Joyce Carol Oates, in a 1978 interview in the Paris Review, Oates spoke of writing her first drafts only on paper. “I've written my last several novels in longhand first … And now everything finds its initial expression in longhand.”

Neil Gaiman, author of Stardust, American Gods and The Graveyard Book, told BuzzFeed in 2015, "I started with Stardust: It was (in my head) being written in the 1920s, so I bought a fountain pen and a big notebook and wrote it by hand to find out how writing by hand changed my head. … I discovered that I enjoyed messing about with fountain pens, I even liked the scritchy noise the pen nib made on the paper.”

Amy Tan writes her novels on a computer, but before they ever get to the keyboard, they are thought through by hand. It is through journals and paper that she works out the novel’s aspects. Tan told the Daily Beast in 2013, “I map out some of it, through the journals. I like doing it with journals, because I can jot down ideas quickly, and then write in the margins arrows that will connect one thing to the other.”

J.K. Rowling, was asked in a 2004 interview with Amazon.co.uk if she wrote by hand or on a computer, “I still like writing by hand. Normally I do a first draft using pen and paper … For some reason, I much prefer writing with a black pen than a blue one, and in a perfect world I'd always use "narrow feint" writing paper.” The author reconfirmed this in 2017 in a tweet.

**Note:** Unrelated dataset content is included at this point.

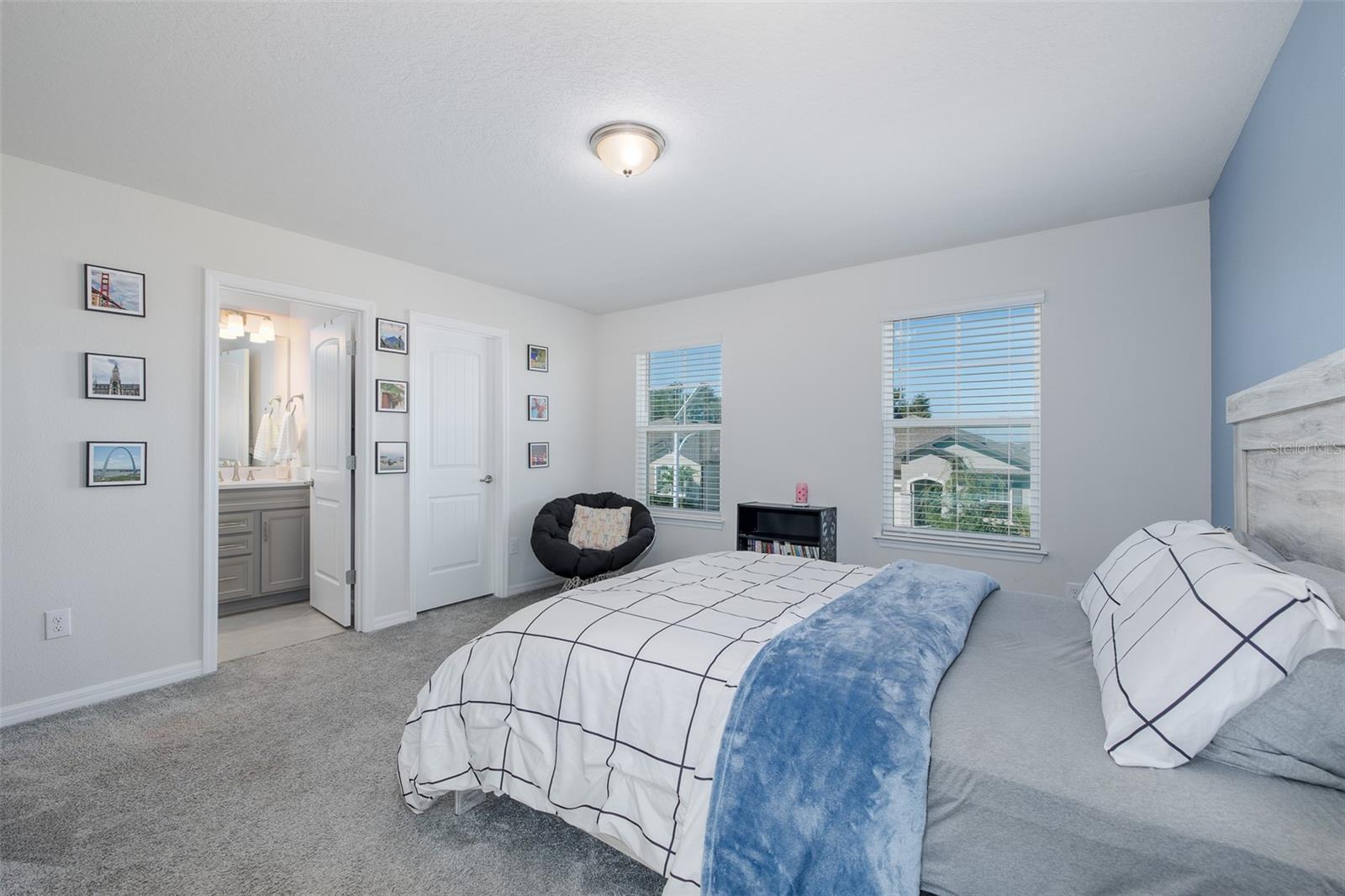 9224 Rally Spring Loop Property Photo 23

Jhumpa Lahiri, the Pulitzer prize winning author of the Interpreter of Maladies takes notes and makes extensive edits on paper. In a 2013 interview in Harper’s Bazaar, the author explained, “I write a lot of loose things and take notes longhand. After a certain point I’ll type up a bit and print it out and my favorite thing to do is sit with a sheaf of printed pages and then take a pen and go through it. I end up writing a lot of things in the margin that end up being more important.”

Stephen King has been known to work in longhand often and wrote his novel Dreamcatcher completely in longhand while he was recuperating after a 1999 car accident. In an interview with Bryant Gumbel, King explained writing in longhand brought the “act of writing back to its very basic level.”

So let's heed the advice from the masters. Break out some paper and write yourself a novel. What have you got to lose? Certainly not creativity and productivity.